• [TASK PROMPT]: Without the pictures, give the entries below again exactly as written.

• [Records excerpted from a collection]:

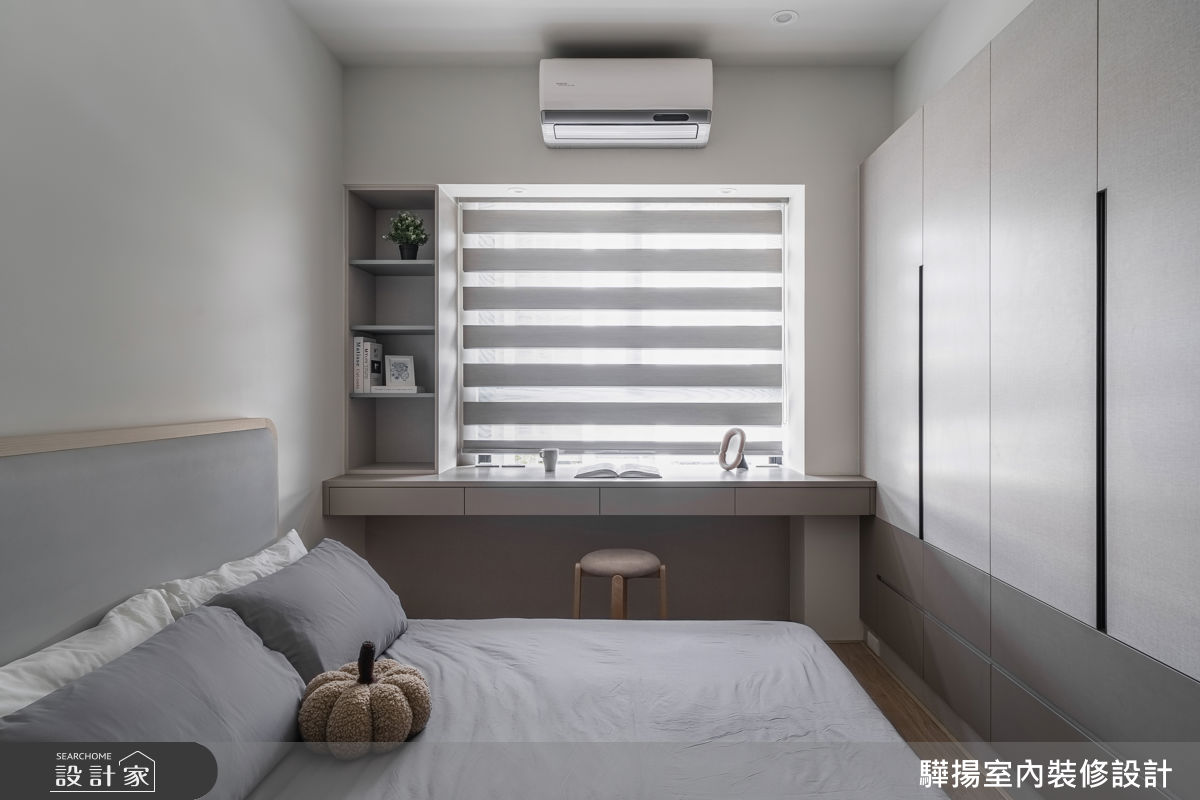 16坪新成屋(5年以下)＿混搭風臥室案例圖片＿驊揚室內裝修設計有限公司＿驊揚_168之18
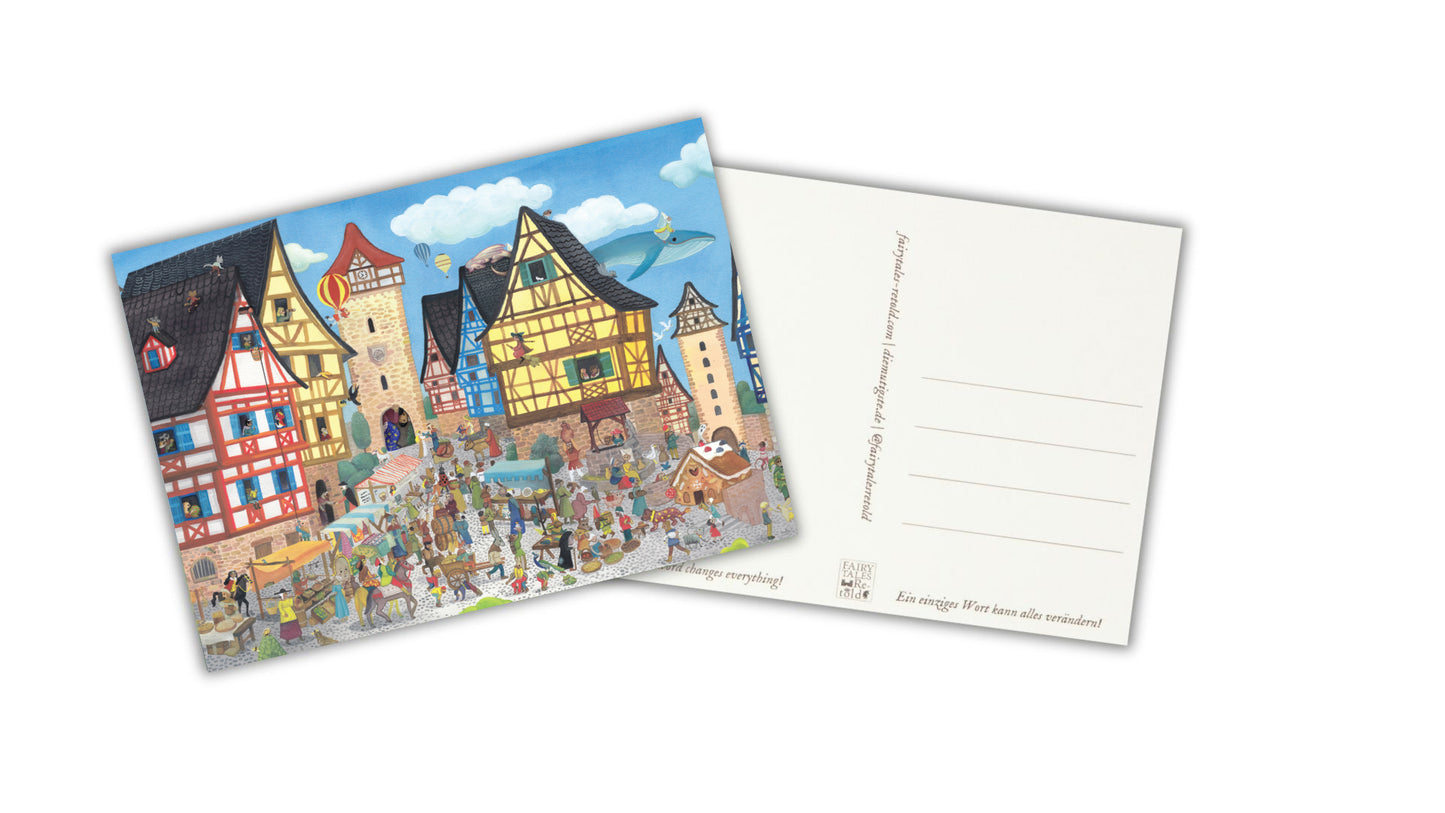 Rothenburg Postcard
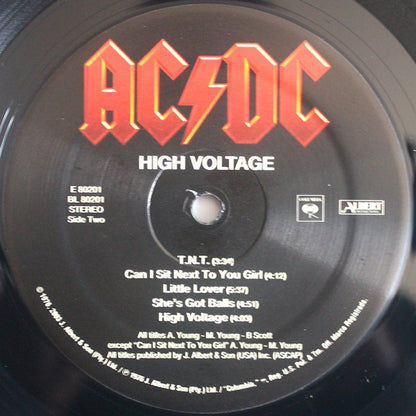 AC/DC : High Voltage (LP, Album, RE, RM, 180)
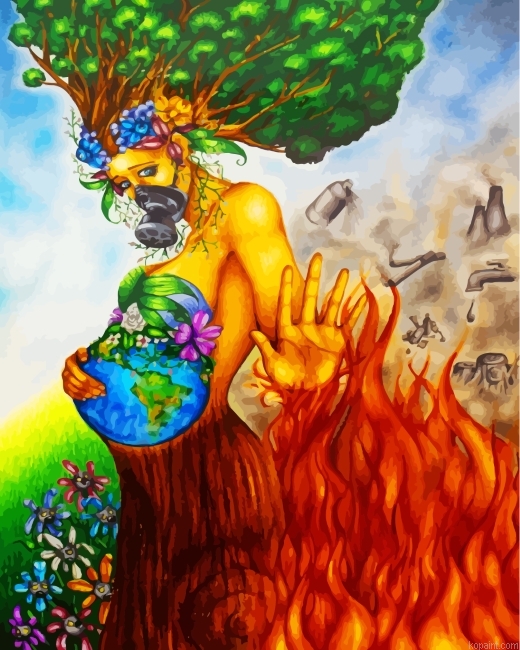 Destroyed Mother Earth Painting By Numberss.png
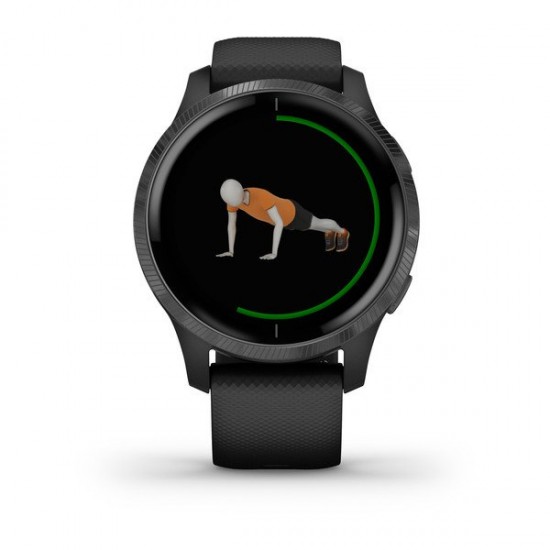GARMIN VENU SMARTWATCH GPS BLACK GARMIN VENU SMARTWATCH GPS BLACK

• [RESULT]:
 16坪新成屋(5年以下)＿混搭風臥室案例圖片＿驊揚室內裝修設計有限公司＿驊揚_168之18
 Rothenburg Postcard
 AC/DC : High Voltage (LP, Album, RE, RM, 180)
 Destroyed Mother Earth Painting By Numberss.png
GARMIN VENU SMARTWATCH GPS BLACK GARMIN VENU SMARTWATCH GPS BLACK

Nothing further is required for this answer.